## WORK INSTRUCTIONS
When you transcribe the listing that follows, keep every line exact and skip any picture.

## GIVEN INFORMATION
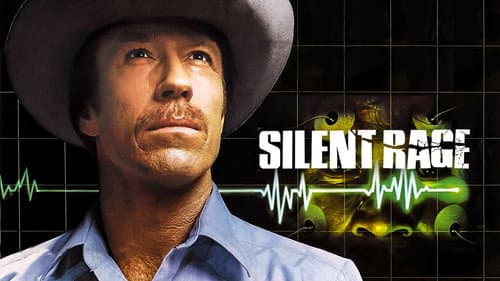 Silent Rage still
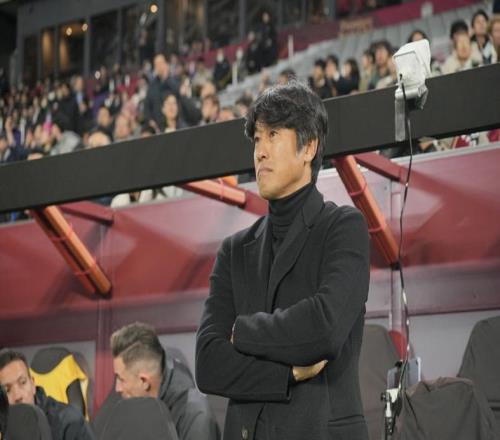 老徐和蓉城闹掰了！五大主力或吃散伙饭，今年争冠明年为保级而战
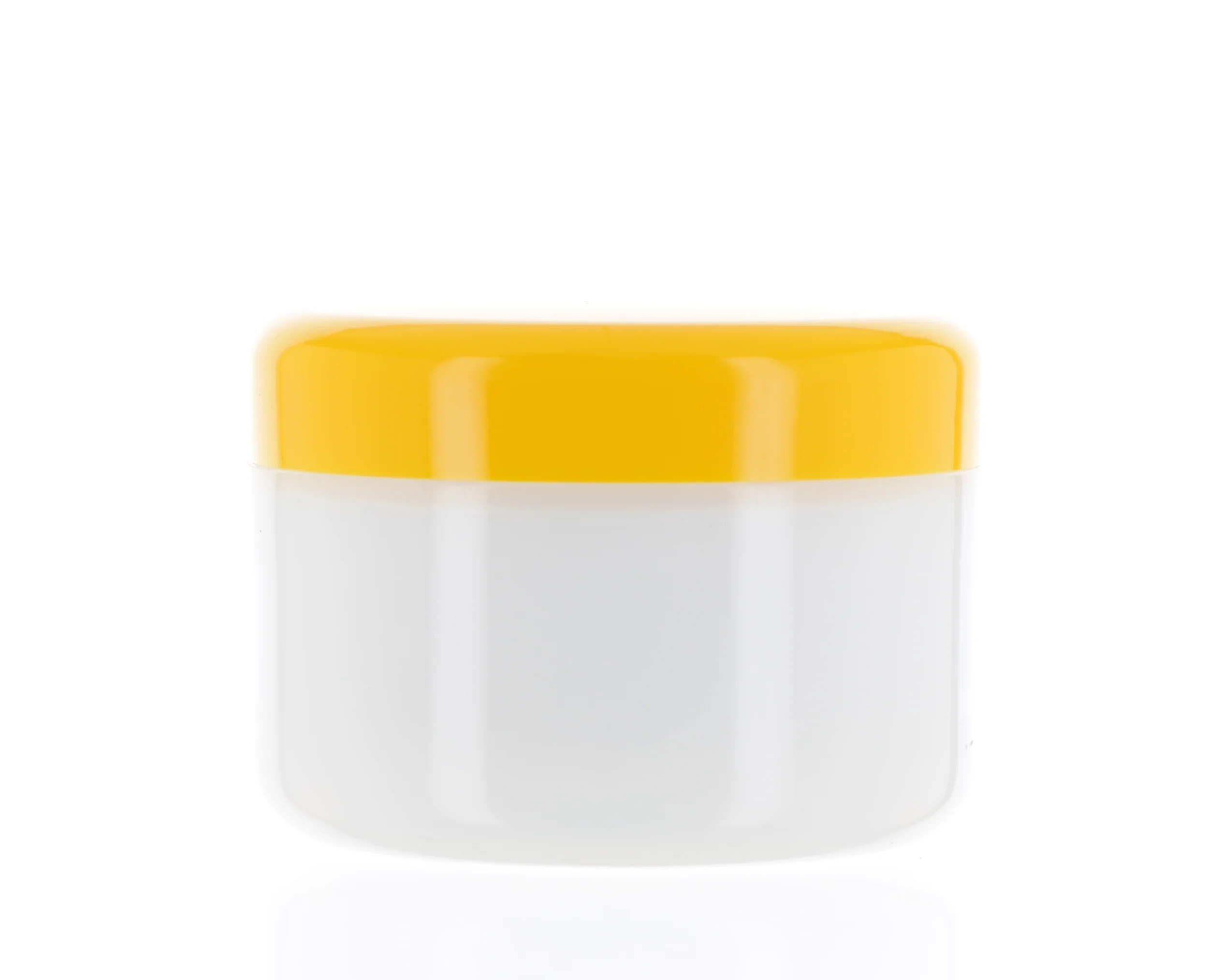 PP, Eco Essence Harmony Jar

## THE ANSWER
 Silent Rage still
 老徐和蓉城闹掰了！五大主力或吃散伙饭，今年争冠明年为保级而战
 PP, Eco Essence Harmony Jar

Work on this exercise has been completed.